→ **ACTION ITEM**
Gather all lines from the material that contain the word "Mercedes".

→ **PROVIDED DATA**
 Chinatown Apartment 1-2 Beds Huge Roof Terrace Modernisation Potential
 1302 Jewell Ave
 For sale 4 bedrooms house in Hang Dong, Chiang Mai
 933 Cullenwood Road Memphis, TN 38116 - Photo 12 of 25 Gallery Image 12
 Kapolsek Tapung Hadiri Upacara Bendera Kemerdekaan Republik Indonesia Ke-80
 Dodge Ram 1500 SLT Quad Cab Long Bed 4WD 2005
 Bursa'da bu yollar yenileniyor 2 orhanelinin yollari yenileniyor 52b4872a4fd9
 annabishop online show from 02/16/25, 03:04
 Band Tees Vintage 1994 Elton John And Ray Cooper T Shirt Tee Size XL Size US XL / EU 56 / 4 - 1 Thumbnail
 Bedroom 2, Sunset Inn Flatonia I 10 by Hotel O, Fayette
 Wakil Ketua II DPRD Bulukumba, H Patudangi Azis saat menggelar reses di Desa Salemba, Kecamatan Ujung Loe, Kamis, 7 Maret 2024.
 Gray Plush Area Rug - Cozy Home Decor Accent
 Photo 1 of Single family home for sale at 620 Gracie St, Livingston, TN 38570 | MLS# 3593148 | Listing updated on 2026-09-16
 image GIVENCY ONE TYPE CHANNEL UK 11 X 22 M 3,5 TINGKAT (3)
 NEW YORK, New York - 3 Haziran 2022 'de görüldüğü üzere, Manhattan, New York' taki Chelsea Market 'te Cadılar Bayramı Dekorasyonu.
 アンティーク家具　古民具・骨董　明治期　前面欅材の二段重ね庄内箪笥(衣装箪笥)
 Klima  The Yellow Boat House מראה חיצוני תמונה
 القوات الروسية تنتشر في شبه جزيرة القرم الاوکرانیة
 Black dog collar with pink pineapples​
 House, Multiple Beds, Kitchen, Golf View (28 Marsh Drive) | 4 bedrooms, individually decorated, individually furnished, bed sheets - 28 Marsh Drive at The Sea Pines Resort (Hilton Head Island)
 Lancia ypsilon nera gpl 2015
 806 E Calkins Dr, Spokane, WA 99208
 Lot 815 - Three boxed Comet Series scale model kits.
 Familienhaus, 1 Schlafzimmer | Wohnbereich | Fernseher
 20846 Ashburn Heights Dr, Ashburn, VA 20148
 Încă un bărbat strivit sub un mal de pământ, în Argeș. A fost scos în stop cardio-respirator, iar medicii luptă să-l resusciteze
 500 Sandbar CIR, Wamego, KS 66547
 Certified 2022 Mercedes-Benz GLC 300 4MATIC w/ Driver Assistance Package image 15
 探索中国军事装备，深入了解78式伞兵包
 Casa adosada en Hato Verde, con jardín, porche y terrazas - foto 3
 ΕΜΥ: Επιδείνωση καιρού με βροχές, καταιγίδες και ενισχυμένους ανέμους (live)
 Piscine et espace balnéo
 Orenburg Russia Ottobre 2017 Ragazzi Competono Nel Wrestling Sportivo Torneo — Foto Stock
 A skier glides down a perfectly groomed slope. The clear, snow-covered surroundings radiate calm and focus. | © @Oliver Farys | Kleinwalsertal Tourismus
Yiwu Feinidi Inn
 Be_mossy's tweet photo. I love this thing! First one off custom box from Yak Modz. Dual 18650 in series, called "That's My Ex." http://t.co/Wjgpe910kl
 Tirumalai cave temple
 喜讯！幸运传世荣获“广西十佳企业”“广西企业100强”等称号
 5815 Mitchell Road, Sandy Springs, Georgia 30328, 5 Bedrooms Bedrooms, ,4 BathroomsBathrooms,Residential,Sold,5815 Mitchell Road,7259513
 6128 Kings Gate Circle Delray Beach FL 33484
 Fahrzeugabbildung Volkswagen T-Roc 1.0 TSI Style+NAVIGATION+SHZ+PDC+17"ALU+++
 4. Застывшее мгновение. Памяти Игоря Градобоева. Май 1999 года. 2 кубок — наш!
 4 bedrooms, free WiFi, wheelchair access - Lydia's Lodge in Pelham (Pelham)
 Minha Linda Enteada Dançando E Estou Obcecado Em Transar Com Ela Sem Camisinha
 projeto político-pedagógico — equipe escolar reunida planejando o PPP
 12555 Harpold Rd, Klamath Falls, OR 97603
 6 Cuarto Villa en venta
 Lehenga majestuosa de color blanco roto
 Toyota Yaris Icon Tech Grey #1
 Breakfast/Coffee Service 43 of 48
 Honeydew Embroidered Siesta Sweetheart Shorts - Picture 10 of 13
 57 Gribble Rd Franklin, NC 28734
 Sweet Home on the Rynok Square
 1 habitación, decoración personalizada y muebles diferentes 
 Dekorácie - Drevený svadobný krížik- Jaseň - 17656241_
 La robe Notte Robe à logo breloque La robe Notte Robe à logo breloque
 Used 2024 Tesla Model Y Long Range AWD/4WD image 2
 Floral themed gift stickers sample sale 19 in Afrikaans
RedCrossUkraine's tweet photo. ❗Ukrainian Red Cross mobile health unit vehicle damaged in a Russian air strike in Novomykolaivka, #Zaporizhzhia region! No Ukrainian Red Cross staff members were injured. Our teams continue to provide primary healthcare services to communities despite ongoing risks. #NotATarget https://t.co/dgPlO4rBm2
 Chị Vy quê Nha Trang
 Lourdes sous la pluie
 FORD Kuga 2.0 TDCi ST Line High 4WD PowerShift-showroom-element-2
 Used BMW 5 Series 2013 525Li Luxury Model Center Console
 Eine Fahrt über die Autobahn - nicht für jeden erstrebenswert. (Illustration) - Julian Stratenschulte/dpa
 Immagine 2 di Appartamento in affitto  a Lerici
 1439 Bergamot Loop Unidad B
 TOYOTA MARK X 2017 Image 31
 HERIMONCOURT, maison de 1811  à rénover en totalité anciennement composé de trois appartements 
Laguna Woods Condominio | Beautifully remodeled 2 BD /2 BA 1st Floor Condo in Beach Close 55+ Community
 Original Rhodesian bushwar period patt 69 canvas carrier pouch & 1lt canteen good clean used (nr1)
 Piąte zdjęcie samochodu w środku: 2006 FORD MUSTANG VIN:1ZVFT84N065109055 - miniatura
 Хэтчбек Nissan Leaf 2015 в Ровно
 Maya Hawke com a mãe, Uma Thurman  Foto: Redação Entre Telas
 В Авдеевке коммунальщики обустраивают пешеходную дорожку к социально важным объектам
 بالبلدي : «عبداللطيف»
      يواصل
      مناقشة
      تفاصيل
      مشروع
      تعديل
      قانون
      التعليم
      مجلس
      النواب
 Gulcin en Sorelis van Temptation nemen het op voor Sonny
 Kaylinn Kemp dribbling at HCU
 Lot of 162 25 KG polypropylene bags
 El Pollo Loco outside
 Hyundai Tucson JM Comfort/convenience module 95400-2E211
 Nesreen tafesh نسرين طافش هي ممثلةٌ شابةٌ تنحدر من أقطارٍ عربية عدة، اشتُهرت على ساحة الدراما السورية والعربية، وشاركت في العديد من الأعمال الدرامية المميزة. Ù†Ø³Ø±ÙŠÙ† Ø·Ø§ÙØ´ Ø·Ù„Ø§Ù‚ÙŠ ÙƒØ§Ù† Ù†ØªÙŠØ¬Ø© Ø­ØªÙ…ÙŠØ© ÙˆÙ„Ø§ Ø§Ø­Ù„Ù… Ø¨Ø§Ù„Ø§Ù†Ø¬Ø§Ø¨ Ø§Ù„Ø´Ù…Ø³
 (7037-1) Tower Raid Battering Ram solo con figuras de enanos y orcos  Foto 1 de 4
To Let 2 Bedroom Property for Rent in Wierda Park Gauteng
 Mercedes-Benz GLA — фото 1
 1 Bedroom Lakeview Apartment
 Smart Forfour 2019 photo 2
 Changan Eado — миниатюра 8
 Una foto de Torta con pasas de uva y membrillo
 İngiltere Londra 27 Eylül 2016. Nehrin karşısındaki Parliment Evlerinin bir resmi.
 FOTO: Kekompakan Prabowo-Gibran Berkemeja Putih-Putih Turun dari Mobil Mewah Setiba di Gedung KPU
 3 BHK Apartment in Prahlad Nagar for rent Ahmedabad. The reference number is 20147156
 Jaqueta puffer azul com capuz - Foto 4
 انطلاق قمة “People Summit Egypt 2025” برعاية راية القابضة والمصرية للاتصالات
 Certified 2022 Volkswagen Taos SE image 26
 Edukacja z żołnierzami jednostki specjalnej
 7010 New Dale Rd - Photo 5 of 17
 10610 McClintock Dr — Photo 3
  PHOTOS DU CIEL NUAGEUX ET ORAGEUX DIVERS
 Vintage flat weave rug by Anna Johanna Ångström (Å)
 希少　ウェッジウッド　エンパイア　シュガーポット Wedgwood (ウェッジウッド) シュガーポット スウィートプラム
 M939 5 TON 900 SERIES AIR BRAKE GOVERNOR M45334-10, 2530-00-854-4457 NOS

→ **SOLUTION TO THE EXERCISE**
 Certified 2022 Mercedes-Benz GLC 300 4MATIC w/ Driver Assistance Package image 15
 Mercedes-Benz GLA — фото 1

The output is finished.